Caption: Some of the Klapmuts learners who can now travel to school in safety. They are holding Cllr Sophie Louw (Local Economic Development). The learners are (from left): Jeimicklynne Alexander, Brydgette Abrahams, Johanna Kroutz (a parent), Carlene Kroutz, Kaylene Alexander, Carrey-Ann Jacobs, Ryan Alexander and (in front) Des-Lee Hartzenberg and Bronwyn Marang.
“I cannot explain the sense of relief I feel now,” says parent Amanda Borens, a cleaner working at the Greater Stellenbosch Municipality. “I used to be tense all day waiting for my daughter, Nicole (13), to come home by taxi. Sometimes she arrived hours late because the mini-bus taxi was not on time.”

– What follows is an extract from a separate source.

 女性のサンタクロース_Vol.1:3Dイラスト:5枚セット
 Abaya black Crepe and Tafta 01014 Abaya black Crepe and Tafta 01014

Nicole, a learner at Klein Nederburg Secondary School in Paarl says she was often late for school. “I do not like being late because it wastes education time,” she says. “We would often wait for the taxi early in the morning while it was still dark. It was horrible when it did not arrive.”
The bus service was introduced early in June after three years of hard work by Stellenbosch councillors Sophie Louw (Local Economic Development) and Aldridge Frazenburg (Community Services).

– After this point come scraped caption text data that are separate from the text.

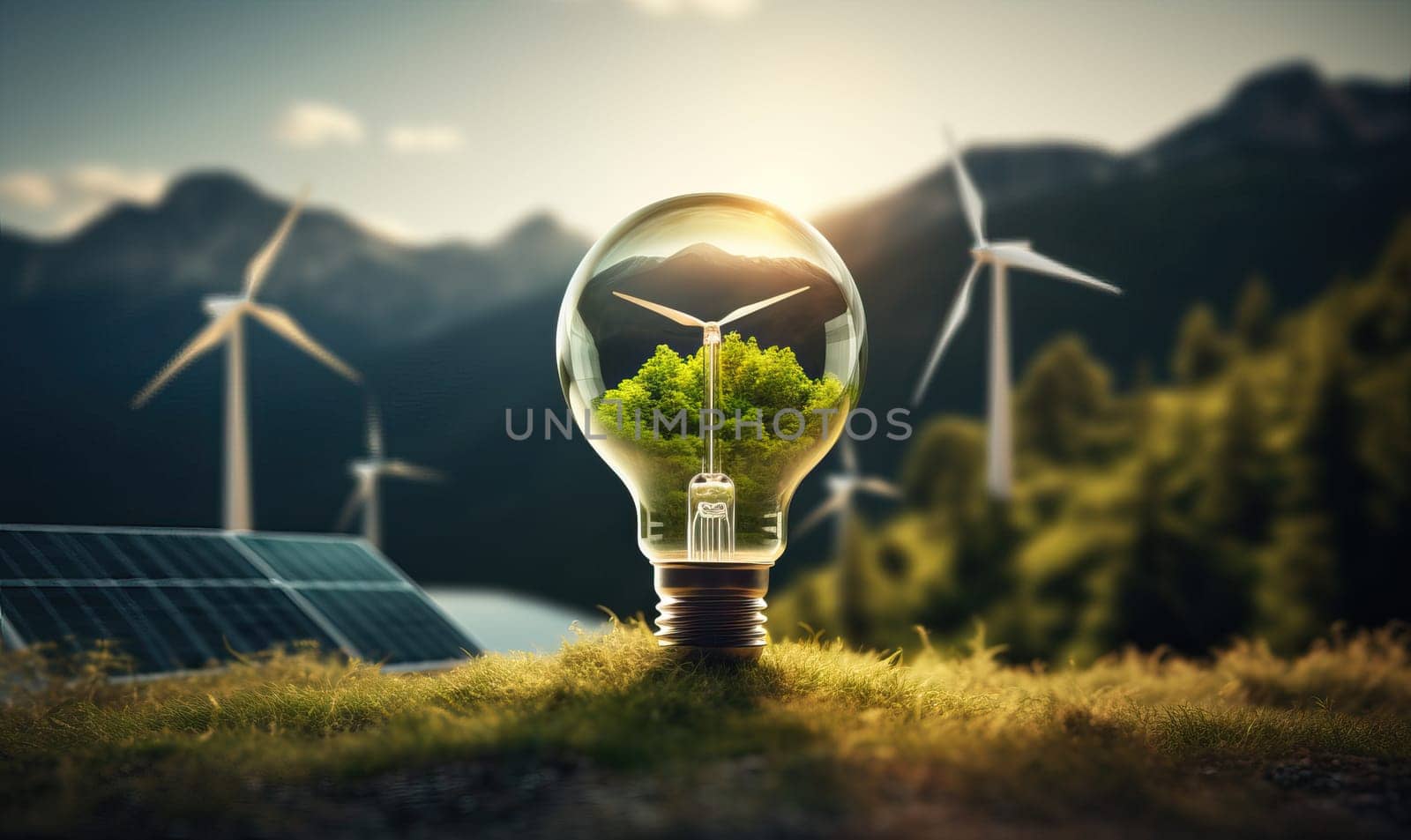 Windmill in a light bulb on a natural background. Selective focus.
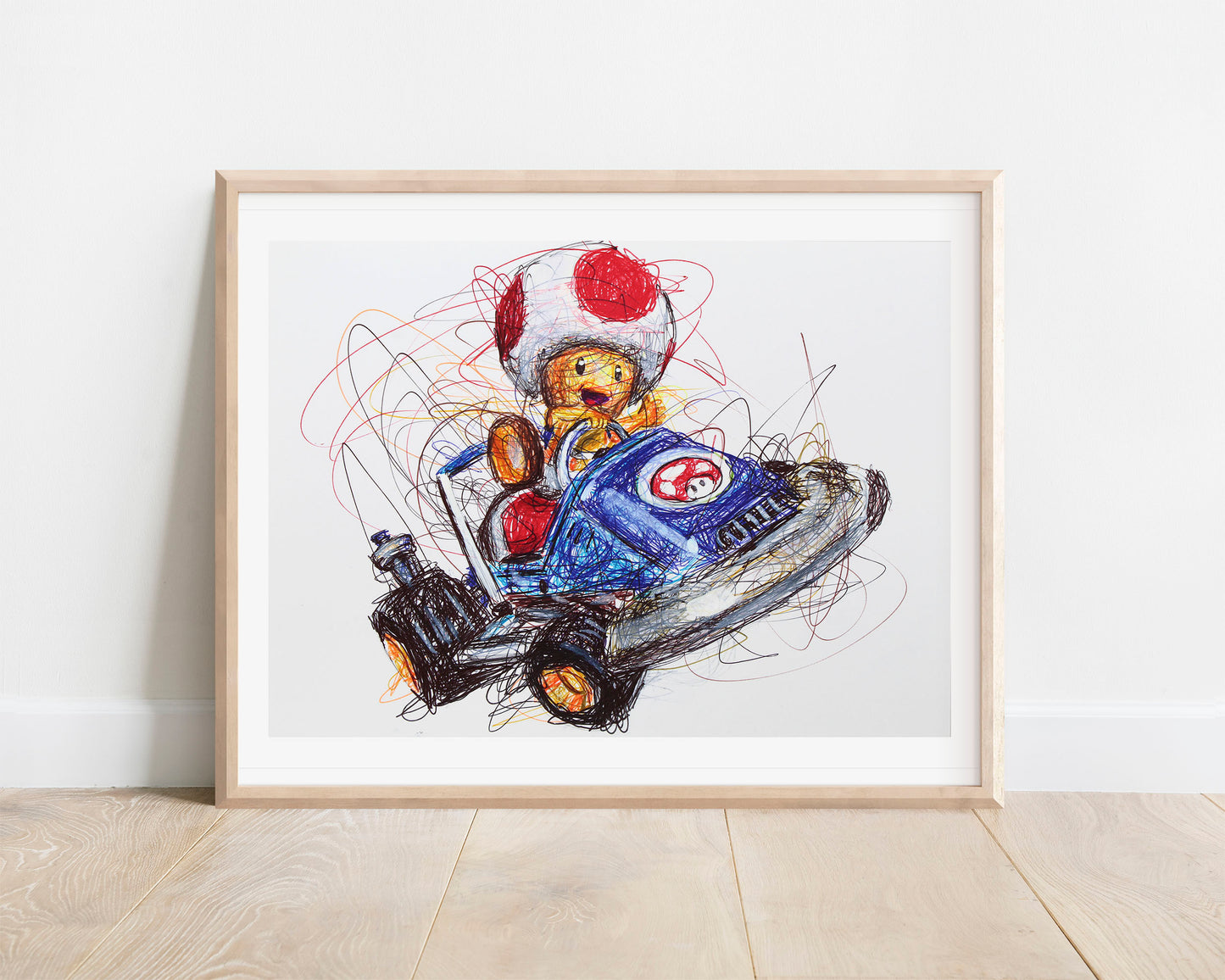 Toad Kart Ballpoint Pen Scribble Art Print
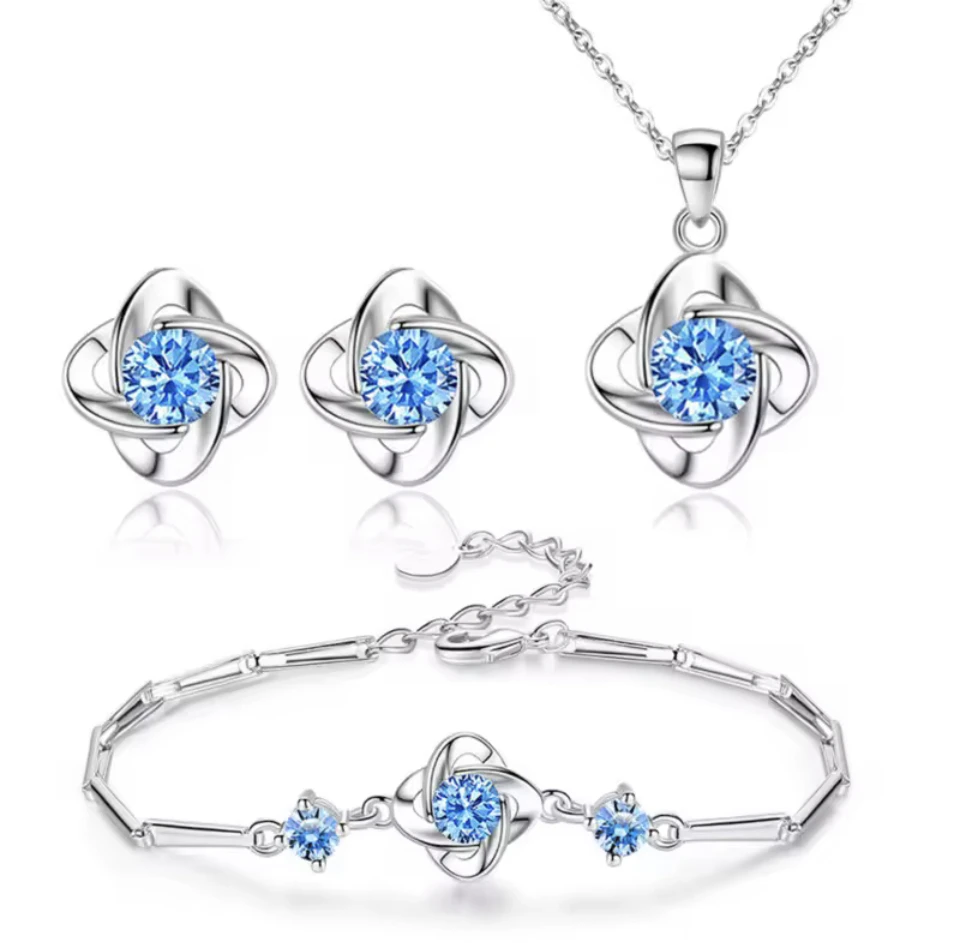 Star Shaped Silver Jewelry Set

“I am also a mother and although my children are grown up, I know how worried parents are when they think their children are exposed to dangerous situations,” says Louw.
“Some of the learners who travelled from Klapmuts to Paarl by train, had to walk three to four kilometers to get to the station. And in Paarl they had to walk from the station to their school. Some of the children were robbed of their cell phones and money on the way. Many of the learners would arrive at the Paarl station and decide it was too much effort to walk further and they would then just spend the day at the station or walk around town. With the bus service the learners get dropped right in front of their different schools. In general it is a much safer situation.”
Conrad Sidego, Executive Mayor of Stellenbosch says: “No child should be exposed to this kind of danger. Our aim is to help the people of the greater Stellenbosch to live with dignity and to create a safe environment. As the innovation capital we continuously strive to find practical solutions to problems and this initiative helps to keep our children safe.”
Six buses daily transport 280 children.
Mr Mervyn Alexander, father of Jeimicklynne (13), lives near the Klapmuts station. He says he often witnessed groups of children from different schools fighting.
“Once a stone they threw at each other smashed through one of my windows. Although Jeimicklynne did not travel by train but by taxi, she also had to walk far and was exposed to a number of dangers. One of her friends was attacked and robbed of her cell phone. It is terrible to worry about your child all the time.”
Some of the learners walked through gangster controlled areas and they were sometimes confronted by intoxicated visitors to the shebeens.
A number of learners said they are thankful that their parents no longer have to pay for transport which cost an average of R480 per child. The tab is now picked up by the Provincial Government.